Data excerpts START

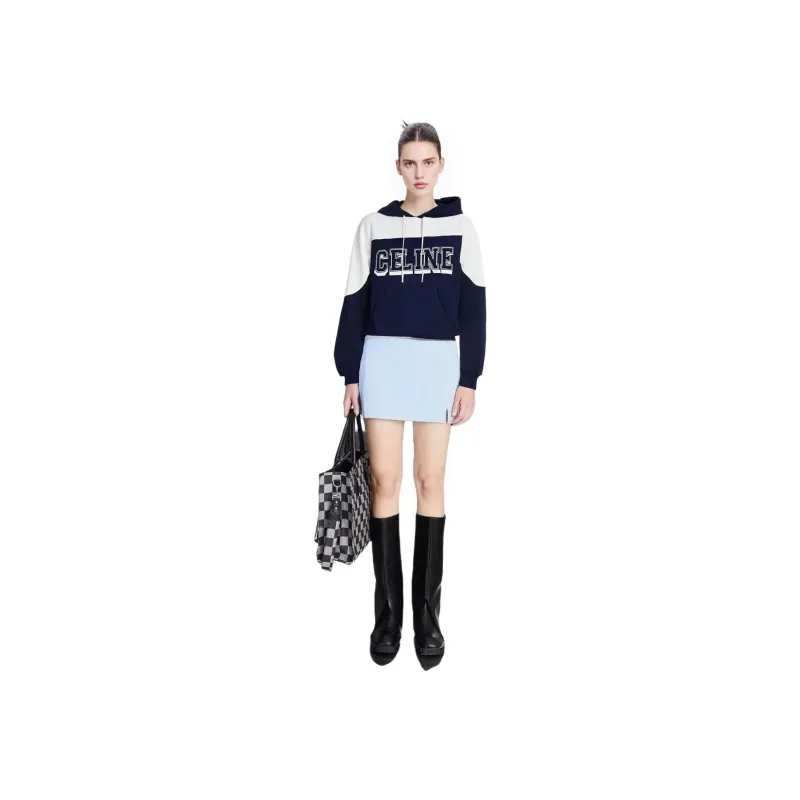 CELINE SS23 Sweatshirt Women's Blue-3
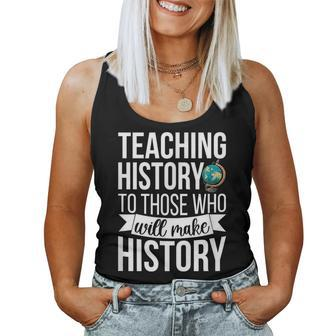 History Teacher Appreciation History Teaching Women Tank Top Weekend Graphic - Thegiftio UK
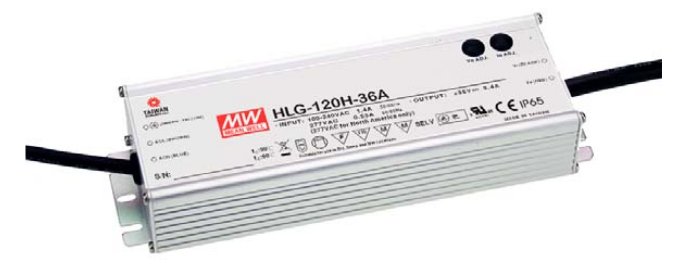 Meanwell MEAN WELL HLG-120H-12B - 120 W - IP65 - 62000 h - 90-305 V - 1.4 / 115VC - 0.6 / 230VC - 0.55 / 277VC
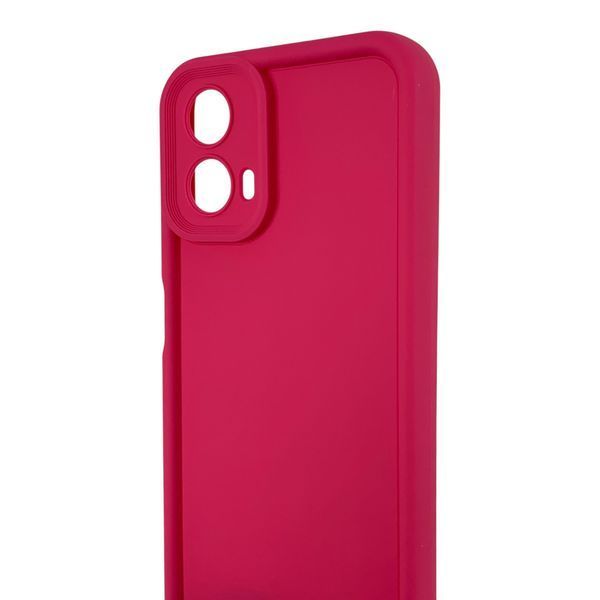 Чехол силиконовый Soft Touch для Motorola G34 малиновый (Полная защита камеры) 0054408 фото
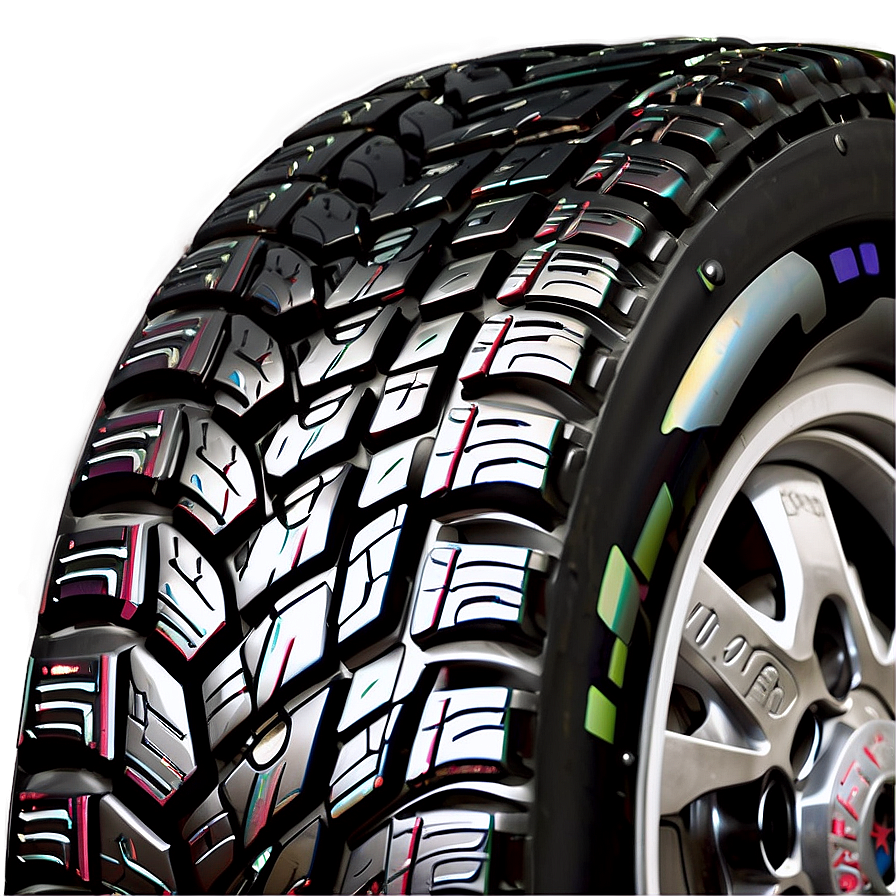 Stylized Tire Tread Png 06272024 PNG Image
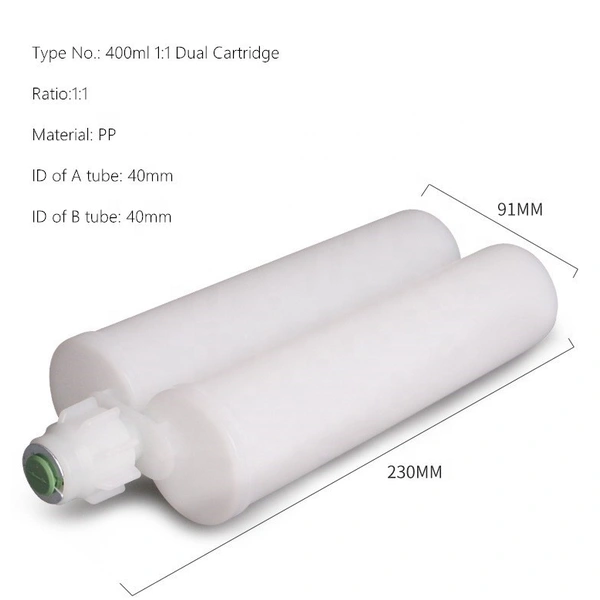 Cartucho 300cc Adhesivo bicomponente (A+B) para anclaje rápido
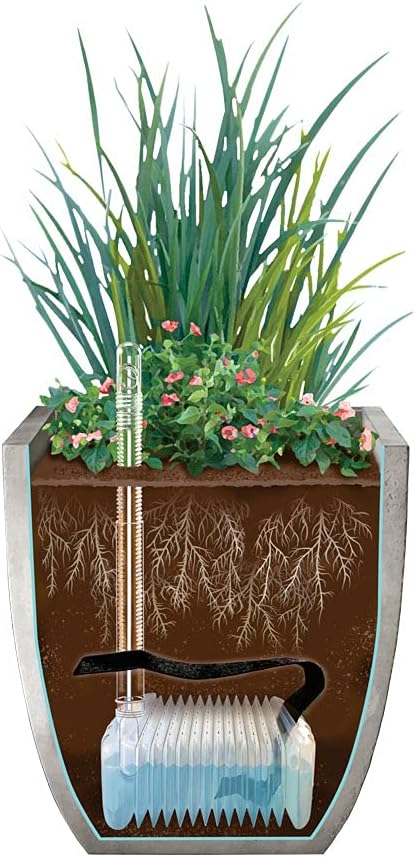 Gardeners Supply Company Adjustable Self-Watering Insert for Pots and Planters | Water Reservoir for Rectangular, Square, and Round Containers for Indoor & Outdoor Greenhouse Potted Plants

Data excerpts END
Data excerpts START

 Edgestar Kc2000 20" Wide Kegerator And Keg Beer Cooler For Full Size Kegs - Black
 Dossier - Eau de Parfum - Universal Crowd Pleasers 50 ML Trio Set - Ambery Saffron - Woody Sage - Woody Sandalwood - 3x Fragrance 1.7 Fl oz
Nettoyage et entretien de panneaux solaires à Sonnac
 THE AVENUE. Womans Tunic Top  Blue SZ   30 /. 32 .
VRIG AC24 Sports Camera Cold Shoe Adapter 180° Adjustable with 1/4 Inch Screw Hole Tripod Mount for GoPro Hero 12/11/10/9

Data excerpts END

Above are some entries. Restate word for word the lines from the one holding "Cartucho 300cc Adhesivo" through the one holding "Gardeners Supply Company", but not the pictures.

* Exercise response:
 Cartucho 300cc Adhesivo bicomponente (A+B) para anclaje rápido
 Gardeners Supply Company Adjustable Self-Watering Insert for Pots and Planters | Water Reservoir for Rectangular, Square, and Round Containers for Indoor & Outdoor Greenhouse Potted Plants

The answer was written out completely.